I too have a Smoke Hollow.  My Temp gauge is way off meaning the unit runs hotter than it says it does. Also, even at its lowest setting I cannot get it down to an acceptable temp.  I turn the valve almost off on the LP tank.  This helped.  For seasoning, I just ran the smoker til it did not smell of sprayings they put on it.  Can someone help me with the link for modifying the LP valve?  I can't find it.


----------



## smokin stang (Apr 18, 2007)

Shorty,
     I have two taylor digital thermometers which I use one for the chamber temperature and the other one for the internal temperature of the meat.


----------



## deejaydebi (Apr 18, 2007)

Nice Smoker Shorty!

Is the thermometer adjustable? Both mine hae the little nut on the back to calibrate them just like a regular dial thermometer.

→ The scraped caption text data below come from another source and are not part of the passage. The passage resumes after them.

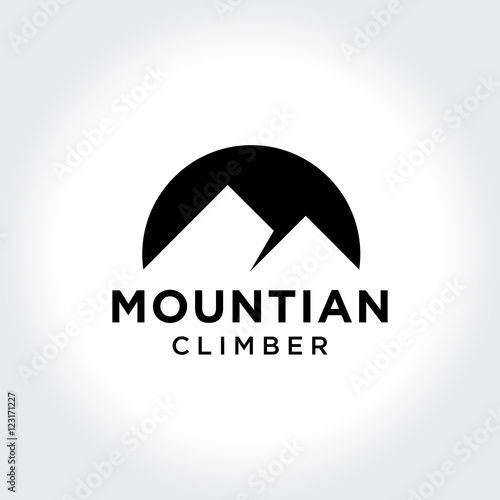 Minimalism Mountain Symbol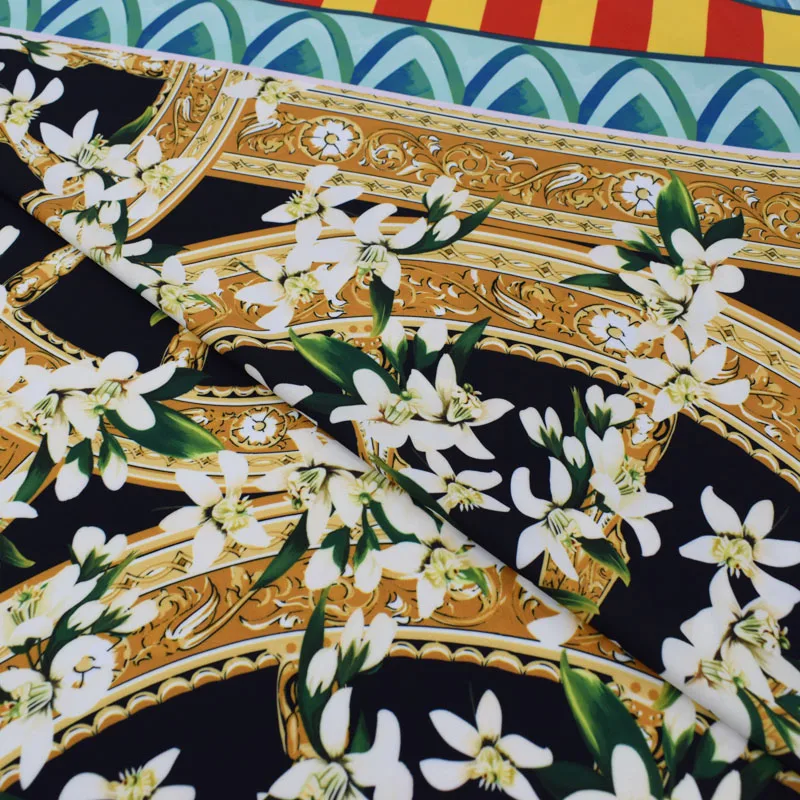 Jasmine windmills Sicily vacation wind digital painting stretch satin fabric for summer dress telas tissu tecido shabby chic DIY
Jasmine windmills Sicily vacation wind digital painting stretch satin fabric for summer dress telas tissu tecido shabby chic DIY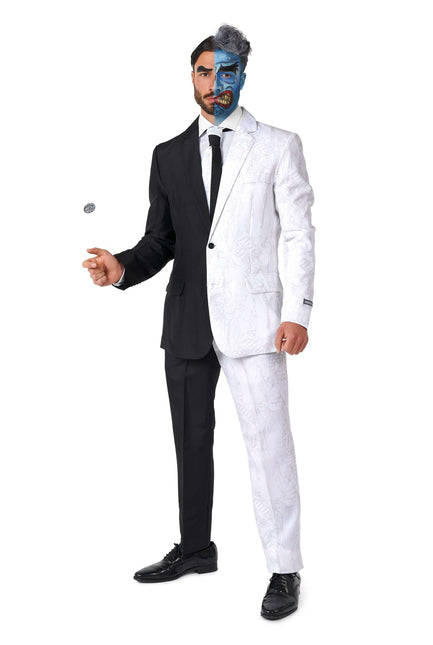 Costume deux faces noir et blanc Hommes <tc>Suitmeister</tc>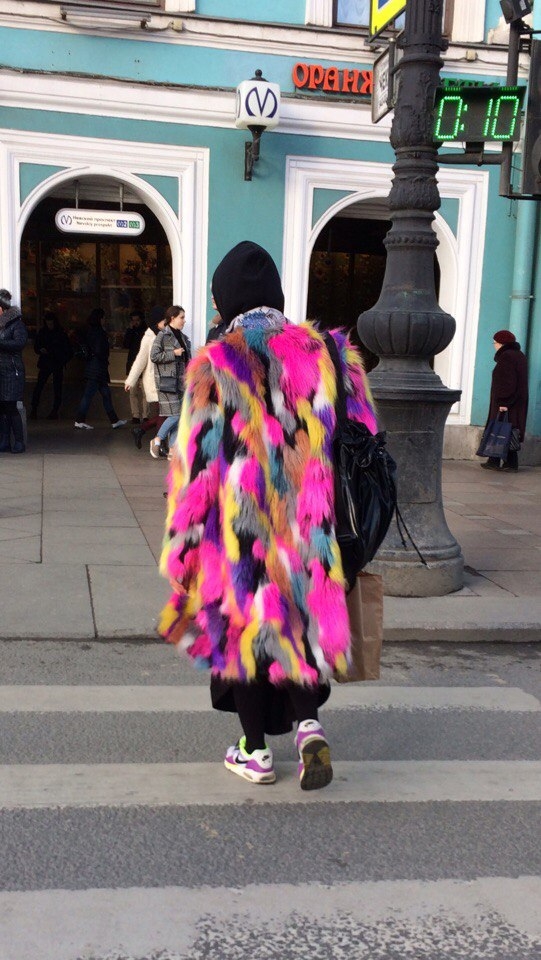 Фотография: Интеллигентное безумие, или Странная мода петербургских улиц №15 - BigPicture.ru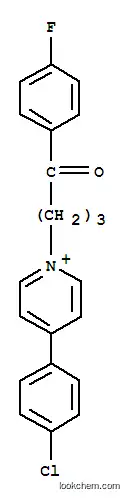 Molecular Structure of 125785-69-5 (N-(4'-fluorobutyrophenone)-4-(4-chlorophenyl)pyridinium)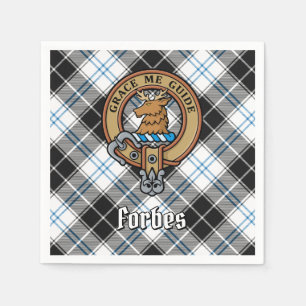 Guardanapo De Papel Crest do Clã Forbes sobre Tartan de Vestido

Even if/when you calibrate the thermometer I'd keep a dial or a digital in there as well - just to be sure. But check them against boiling water at least. I've bought meat therometers hat needed to be calibrated up front too.


----------



## shorty (Apr 19, 2007)

Hi Miss Debi,
I checked the thermomters tonight in boiling water. My pyrex professional read 206* {that is my digital} my other meat thermomter read 210* in boiling water. Then just for my curiosityI took the gauge off my smoker and stuck it in the boiling water and it read 200. So my question is These should be my accurate readings correct? I hope I am not being a pain but I want to make sure I am doing everything as close to right as I can get being a newbie.


----------



## smokin stang (Apr 19, 2007)

Good Point Debbie!  I forgot to tell shorty to calibrate his thermometers in boiling water first.


----------



## deejaydebi (Apr 20, 2007)

Well Shoty -

There only off a tad so they should be reliable. Check them every now and again they do go bad.

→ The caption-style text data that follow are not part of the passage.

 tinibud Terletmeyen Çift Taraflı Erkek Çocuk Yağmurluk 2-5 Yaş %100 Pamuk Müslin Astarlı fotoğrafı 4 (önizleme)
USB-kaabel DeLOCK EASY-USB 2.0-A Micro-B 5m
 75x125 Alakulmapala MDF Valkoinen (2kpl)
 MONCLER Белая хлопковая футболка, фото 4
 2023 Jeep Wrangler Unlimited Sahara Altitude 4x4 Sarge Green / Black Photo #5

Alway use more than one to be sure! Good luck hon!


----------



## shorty (Apr 23, 2007)

Here is my first attempt at smoking, I believe I got the smoker to hot I miss calculated when I made my adjustments for the amount of degrees my gauge is off and I had everything to hot and they did not get enough smoke, but they are nice and moist with some smoke flavor the fatty has very little smoke flavor. Let me know what you think.


----------



## bbq bubba (Apr 23, 2007)

i just realized u had 2 post's going on the same chx, but i'm curious... what kind of wood did u use? 
like i said on the other post, it sure looks good!!!


----------



## deejaydebi (Apr 23, 2007)

You did good Shorty!


----------